What time are we supposed to pickup Priscilla?’
Dr. Petrie
checked his watch. ‘Ten minutes. But I like to go a little early. Margaret has
a habit of making her wait outside the house.’
‘I don’t know
why you stand for it,’ said Adelaide tartly, crossing her long brown legs.
Dr. Petrie
shrugged.
‘If I was you,’
said Adelaide, ‘I’d march right in there and beat the living shit out of
Margaret.
And that flea-bitten dog of hers.’
Dr. Petrie glanced
across at Adelaide and smiled a resigned smile. ‘If you’d paid out as much
money as I have – just to get free from a wife you didn’t want any more – then
you’d be quite satisfied with paying your alimony, seeing your kid, and keeping
your mouth shut,’ he said gently.
Adelaide looked
sulky. ‘I still think you ought to break the door down and smash her into a
pulp,’ she said, with emphatic, youthful venom.
Dr. Petrie
swung the Lincoln left into Collins Avenue. ‘That’s what I like about you,’ he
said. ‘You’re so shy and ladylike.’
He switched on
the car radio. There was a burst of music, and then someone started talking
about this year’s unusual tides and weather conditions, and the strange flotsam
and jetsam that was being washed up on the shores of the East Coast. A
coastguard and a medical officer were discussing the appearance of unsavory
bits and pieces around Barnes Sound and Old Rhodes Key.
‘I’m not
prepared right now to identify this washed-up material,’ said the medical
officer, ‘but we have had complaints that it contains raw sewage, in the shape
of sanitary napkins, faecal matter and diapers.
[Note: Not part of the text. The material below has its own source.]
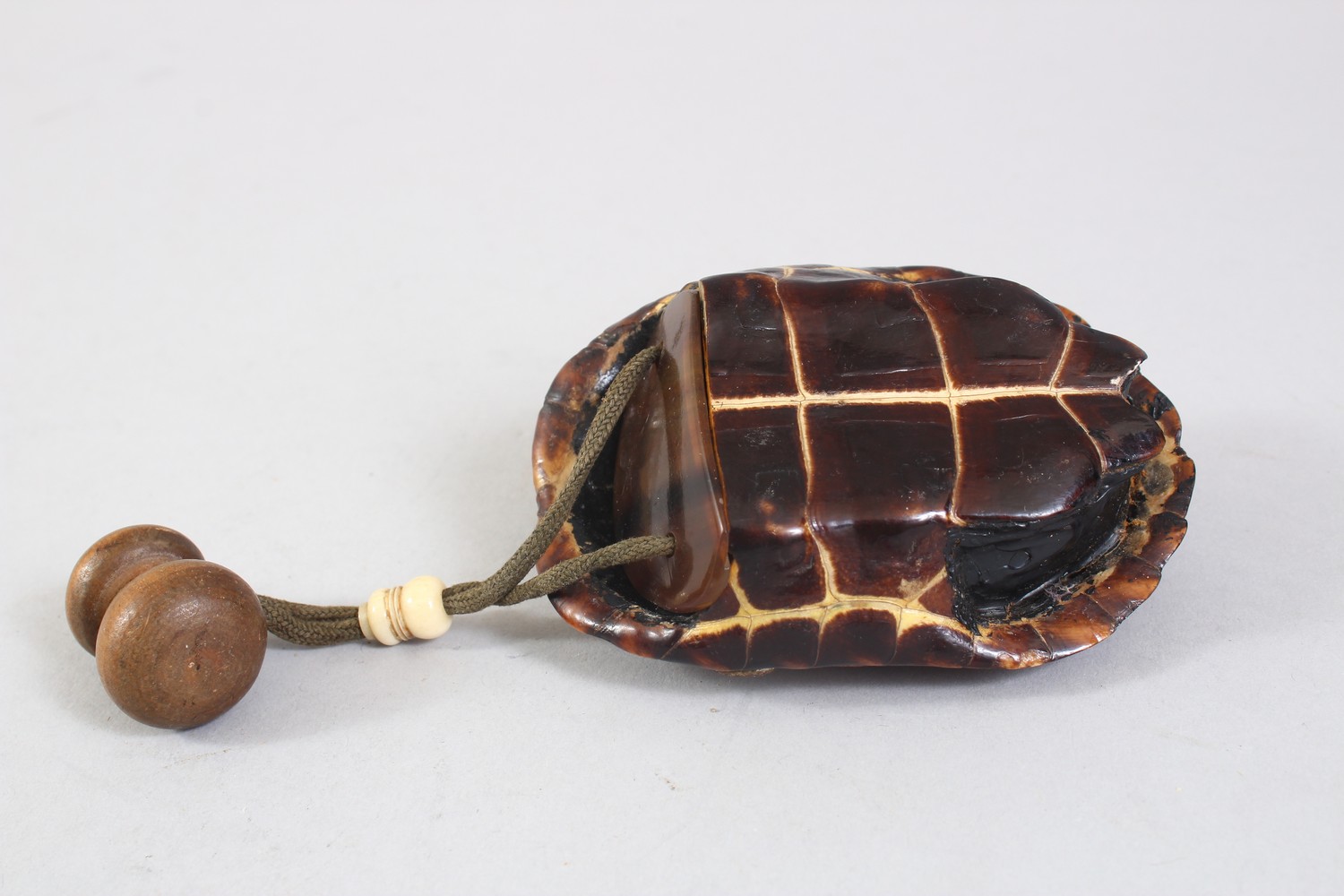 A GOOD JAPANESE MEIJI PERIOD TORTOISESHELL INRO CASE, the inro in the form of a tortoise shell, with - Image 3 of 3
We have no idea where the
material is coming from, but we believe it to be a completely isolated
incident.’
Adelaide
promptly switched the car radio off. ‘We’re just about to have dinner,’ she
protested. ‘The last thing I want to hear about is sewage.’
Dr. Petrie
glanced in his mirror and pulled out to overtake a slow-moving truck. ‘One of
my patients complained this morning... She said she went down for a swim, and
found her whole beach smothered in shit.’
‘Oh, Jesus,’
said Adelaide, wrinkling up her nose.
Dr. Petrie
grinned. ‘It’s pretty revolting, isn’t it? Maybe we’re learning that what the
Bible said was right. Throw your sewage on to the waters, and it shall come
back to you.’
‘I don’t think
that’s funny,’ said Adelaide. ‘This is supposed to be the great American
resort. I make my living out of people coming down here and playing tennis and
swimming and having a good time. Who’s going to come down here to paddle in
diapers and sanitary napkins?’
Dr. Petrie
shrugged. ‘Well, it hasn’t killed anyone yet.’
‘How do you
know? They might have swum out there and sunk without trace.’
‘Listen,’ said
Dr. Petrie, ‘more people die from bad food in restaurants than ever die of
pollution in the sea. You get uneducated kitchen staff
who
don’t wash their hands, and before you know where you are, you’ve got yourself
a king-size dose of hepatitis.’
‘Leonard,
darling,’ said Adelaide, acidly, ‘I wish you wouldn’t play doctors all the
time.
For once, I
wish I was cooking my own supper.’
Margaret Petrie
lived in what their divorce attorneys called the marital residence out on North
Miami Beach. Dr. Petrie said nothing at all as he piloted the Lincoln down the
familiar streets, and up to the white ranch-style house with its stunted palms
and its small, neatly-trimmed lawn. It was here, in this quiet
suburb, that
he had first set up in medical practise eight
years ago. It was here that he had worked and struggled to woo the wealthier
and more socially elevated sick.
It was here,
too, that Margaret and he had gradually discovered that they no longer had
anything in common but a marriage license. Uneasy affection had degenerated
into impatience, bickering and intolerance. It had been a messy,
well-publicized, and very expensive divorce.
As Dr. Petrie
pulled the Lincoln into the kerb, he remembered what Margaret had shrieked at
him, at the top of her voice, as he drove away for the last time. ‘If you want
to spend the rest of your life sticking your fingers up rich old ladies, then
go away and don’t come back!’
That remark, he
thought to himself, summed up everything that was wrong with their marriage.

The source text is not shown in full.